What is true about me is that I have never forgotten my roots, never forgotten how Democratic President Franklin Delano Roosevelt took the mess left by my Iowa Republican President Herbert Hoover, and gave men such as my da some level of dignity with work during THE GREAT DEPRESSION.

Roosevelt took office in 1933 cutting pay of government workers, cutting government spending by 15 percent, insuring people's deposits in banks against losses in the banking system.

He instituted the AGRICULTURAL ADJUSTMENT ACT (1933) that paid farmers to limit crops, forced employers to collective bargain with trade unions, and effectively ended Prohibition by authorizing the production of 3.2 beer before the 21st Amendment to the Constitution was written.

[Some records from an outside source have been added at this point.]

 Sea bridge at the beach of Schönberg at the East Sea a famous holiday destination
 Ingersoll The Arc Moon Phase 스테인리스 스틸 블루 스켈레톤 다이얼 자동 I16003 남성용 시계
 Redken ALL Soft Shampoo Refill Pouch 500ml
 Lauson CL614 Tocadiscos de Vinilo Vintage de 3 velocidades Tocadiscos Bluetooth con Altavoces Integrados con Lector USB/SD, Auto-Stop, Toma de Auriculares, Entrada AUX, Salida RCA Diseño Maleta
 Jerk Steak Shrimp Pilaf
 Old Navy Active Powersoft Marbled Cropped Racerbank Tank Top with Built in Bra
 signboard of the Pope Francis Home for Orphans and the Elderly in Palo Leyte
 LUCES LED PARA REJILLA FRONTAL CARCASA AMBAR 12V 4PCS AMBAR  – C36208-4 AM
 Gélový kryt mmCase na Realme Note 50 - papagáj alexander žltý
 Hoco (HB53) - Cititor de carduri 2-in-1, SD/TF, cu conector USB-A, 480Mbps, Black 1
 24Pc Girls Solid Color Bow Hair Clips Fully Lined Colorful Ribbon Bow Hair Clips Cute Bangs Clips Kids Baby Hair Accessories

FDR also created public works known as WORKS PROJECT ADMINISTRATION or WPA, which gave work to people like my da, and to others with the CIVILIAN CONSERVATION CORPS or CCC.

Roosevelt's New Deal of the three R's -- relief for the poor and the unemployed; recovery of the economy to pre-Depression status, and reform of the financial system -- did not take the United States out of the Great Depression. WWII did. But it was a bold move to restore the psychic confidence of the nation.

I write so much about confidence because confidence is not a thing. Confidence is a mindset. Anything is possible with such a mindset, and nothing is possible without it.

I've read books on FDR and he freely admits he made up things as he went along. He betrayed his patrician class and embraced the common man, not always wisely but completely.

This is where the irony of my politics and economics comes in.

Neither the Democratic nor Republican Party understands FDR's legacy.

President Ronald Reagan was something of a Democrat in the White House as a Republican President. Yet, he didn't quite understand Roosevelt's "three R's," nor has either party ever since.

There is no difference in either party today when it comes to lobbyists, special interests, and the one-tenth of one percenters who quietly from a distance control the economy.

The whore of the one-tenth of one percenters is elected officials of both parties, while the pimp is the management class that does its heavy lifting and gets all the attention.

Apparently, it is the same in Canada and most of the Western World.

Our great universities and the scientific establishment falls in line with this construction because they depend on the financial support of the one-tenth of one percenters.

Now, we have one of their kind brazenly running for President of the United States in Donald J. Trump, claiming he has bought most of those on the stage with him, and those not, in the other political party, especially Hillary Clinton.

If this is not a recipe for revolution, I don't know what is. But with me "revolution" is more modest, more evolutionary than socially disruptive.

Over my long career, I have watched able men and women, acquire education, step into the working world, and pledge that once they have acquired a modicum of influence that they would behave differently than their bosses. It has not happened. They behave precisely the same or they disappear from the payroll.

Perhaps, I am one of the few exceptions who didn't change, didn't join the club. For whatever reason, I have always remembered my roots and my loyalties to my da and workers like him.

Once people who rise into management acquire status, special privileges, perks, bonuses, club membership among the elite, it is easy for them to forget from whence they came. They are thus inclined to deny their roots, the struggle of their families, and the origin of their idealism.

For the past twenty five years, or since I have devoted myself full-time to writing, commencing with WORK WITHOUT MANAGERS: A VIEW FROM THE TRENCHES (1991), I have been relentless in attempting to get the worker's attention, but alas, without success.

These published essays that I am considering to republish in an e-book are a record of that constant endeavor to bring attention to this matter.

Keep thinking and challenging the conventional wisdom.